La course à la succession de Guterres : l'ONU aura-t-elle une femme à la tête du Secrétariat général ? Cette question, brûlante d’actualité, soulève bien des discussions dans les couloirs feutrés des institutions internationales. En effet, sept candidats ambitieux, issus d’Amérique du Sud et d’Afrique, espèrent briguer ce poste prestigieux. Parmi eux, plusieurs femmes pourraient bien marquer l’histoire. Pourtant, les défis sont nombreux.
Un contexte international en pleine mutation
À l’heure où le monde semble vaciller entre crises climatiques et tensions géopolitiques, les Nations Unies cherchent un leader capable de naviguer avec dextérité dans ces eaux tumultueuses. Notons que la diversité et l’égalité des sexes sont devenues des priorités pour de nombreuses institutions. C’est pourquoi l’idée d’une femme à la tête du Secrétariat général suscite tant d’intérêt.
Les candidates en lice
Parmi les sept aspirants, les femmes sont bien présentes. Maria Fernandez, ex-ambassadrice argentine, incarne l’espoir de voir une femme leader. De son côté, Amina Toure, figure emblématique du Sénégal, porte également cet espoir. Leur expérience et leur vision font d’elles des candidates sérieuses et déterminées.

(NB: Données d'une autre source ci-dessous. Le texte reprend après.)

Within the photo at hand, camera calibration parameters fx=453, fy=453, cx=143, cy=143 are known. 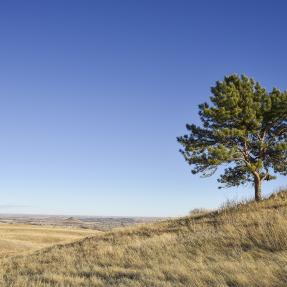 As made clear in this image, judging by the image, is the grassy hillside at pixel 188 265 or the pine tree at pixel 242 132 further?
the pine tree at pixel 242 132

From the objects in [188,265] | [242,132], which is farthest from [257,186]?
[188,265]

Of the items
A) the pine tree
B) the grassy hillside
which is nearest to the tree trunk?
the pine tree

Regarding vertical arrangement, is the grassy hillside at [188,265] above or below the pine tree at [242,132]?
below

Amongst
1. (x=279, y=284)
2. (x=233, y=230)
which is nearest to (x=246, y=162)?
(x=233, y=230)

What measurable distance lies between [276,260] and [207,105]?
22.6 m

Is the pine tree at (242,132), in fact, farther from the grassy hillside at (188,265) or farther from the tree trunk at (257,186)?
the grassy hillside at (188,265)

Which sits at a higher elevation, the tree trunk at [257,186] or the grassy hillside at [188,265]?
the tree trunk at [257,186]

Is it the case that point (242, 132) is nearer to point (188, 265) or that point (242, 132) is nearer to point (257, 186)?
point (257, 186)

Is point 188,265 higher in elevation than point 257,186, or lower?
lower

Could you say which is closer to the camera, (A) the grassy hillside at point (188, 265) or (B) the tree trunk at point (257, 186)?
(A) the grassy hillside at point (188, 265)

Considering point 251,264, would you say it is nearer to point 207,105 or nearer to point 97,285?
point 97,285

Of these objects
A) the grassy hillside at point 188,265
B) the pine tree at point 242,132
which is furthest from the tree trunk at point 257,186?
the grassy hillside at point 188,265

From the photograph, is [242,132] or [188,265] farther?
[242,132]

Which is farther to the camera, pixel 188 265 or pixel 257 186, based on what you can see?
pixel 257 186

- Maria Fernandez : connue pour sa diplomatie et son engagement pour la paix.
- Amina Toure : une carrière jalonnée de succès en faveur du développement durable.
Des enjeux mondiaux cruciaux
Les défis qui attendent le futur Secrétaire général de l’ONU ne sont pas des moindres. En effet, la lutte contre le changement climatique, la gestion des conflits internationaux et la promotion des droits humains sont au cœur des préoccupations. À cela s’ajoute la nécessité de renforcer la coopération internationale dans un monde de plus en plus polarisé.
Pourquoi une femme pourrait faire la différence
Historiquement, les femmes ont souvent été sous-représentées dans les hautes sphères du pouvoir. Pourtant, elles apportent une perspective unique et essentielle. En outre, des études montrent que la diversité au sein des équipes dirigeantes favorise l’innovation et l’efficacité. Vous l’aurez compris, une femme à la tête de l’ONU pourrait insuffler un vent de renouveau.
Les obstacles sur la route
Malgré ces arguments convaincants, la route vers le Secrétariat général est semée d’embûches. Les jeux de pouvoir, les alliances stratégiques et les intérêts nationaux peuvent freiner l’ascension de candidates pourtant qualifiées. Il convient de souligner que le soutien des cinq membres permanents du Conseil de sécurité est crucial pour espérer accéder à ce poste.
Le rôle des membres permanents
Les États-Unis, la Russie, la Chine, la France et le Royaume-Uni détiennent un pouvoir de veto déterminant. Leurs choix seront scrutés de près, car ils influenceront directement l’issue de cette élection. Pourtant, une prise de conscience mondiale sur l’importance de la parité pourrait peser dans la balance.
Un espoir de changement
Tandis que la course à la succession de Guterres s’intensifie, les regards se tournent vers ces femmes qui pourraient briser le plafond de verre. L’ONU, en optant pour une dirigeante, enverrait un signal fort en faveur de l’égalité des genres et de la diversité.
Un appel à l’action
Face à ces enjeux, il est essentiel que tous les acteurs de la scène internationale soutiennent ces candidatures féminines. En effet, promouvoir une telle évolution est un pas vers un monde plus équitable. Alors, l’ONU aura-t-elle une femme à sa tête ? L’avenir nous le dira, mais l’espoir est permis.